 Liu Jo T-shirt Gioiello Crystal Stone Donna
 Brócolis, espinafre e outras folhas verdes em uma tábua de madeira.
...
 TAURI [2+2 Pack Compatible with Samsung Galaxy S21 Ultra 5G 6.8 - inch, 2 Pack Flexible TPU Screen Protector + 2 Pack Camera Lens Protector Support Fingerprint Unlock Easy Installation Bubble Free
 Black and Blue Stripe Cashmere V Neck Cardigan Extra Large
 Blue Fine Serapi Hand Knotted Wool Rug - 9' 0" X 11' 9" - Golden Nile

Task instructions: Go through the data above and copy each line in which "Blue" appears.

Answer to this problem:
 Black and Blue Stripe Cashmere V Neck Cardigan Extra Large
 Blue Fine Serapi Hand Knotted Wool Rug - 9' 0" X 11' 9" - Golden Nile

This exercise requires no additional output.